SearchFAQMemberlist Log in
Reply to topic Page 1 of 1
Limit creation of log and sesssion data
Author Message
Post Limit creation of log and sesssion data 
Dear list,

I'm running rdiff-backup 1.0.3 on Debian Testing. I'm using it to take
a backup of a web app every 30 minutes. (There might be better tools
for this, but I like rdiff-backup.) The problem is that quite quickly
the log files and session data becomes larger than the web app. This
is a real problem because I back up the rdiff-backup to an off-line
disc once every day and the off-line back grows and grows.

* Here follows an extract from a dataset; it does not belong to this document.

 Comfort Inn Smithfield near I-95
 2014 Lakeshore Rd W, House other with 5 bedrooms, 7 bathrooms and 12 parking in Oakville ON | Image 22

The problem can be solved by implementing the "Delete Intermediate"
feature request:
<http://rdiff-backup.solutionsfirst.com.au/index.php/DeleteIntermediate>
However, other (easier) approaches come to mind:
1) Never, ever gzip an empty file. All my error_log files have size
108 in stead of 0 zero because they are compressed.
2) Don't write any logs or session data if there are no changes.
(Make it an option or the default.) This would help a lot!
3) I'm already using "--no-file-statistics". Any other options like
this that could be useful?

I'm aware that I can post process the rdiff-backup-data and remove
empty error_log files and so on, but it's much cleaner if rdiff-backup
cleans up it's own mess :-)

Regards,
Hans - until now a very happy rdiff-backup user

Post Limit creation of log and sesssion data 
"Hans F. Nordhaug" <Hans.F.Nordhaug < at > hiMolde.no>
wrote the following on Tue, 13 Dec 2005 09:47:15 +0100

However, other (easier) approaches come to mind:
1) Never, ever gzip an empty file. All my error_log files have size
108 in stead of 0 zero because they are compressed.
2) Don't write any logs or session data if there are no changes.
(Make it an option or the default.) This would help a lot!

Yes, I think the error_log file could be skipped if there are no
errors. Anyone see any drawbacks to this?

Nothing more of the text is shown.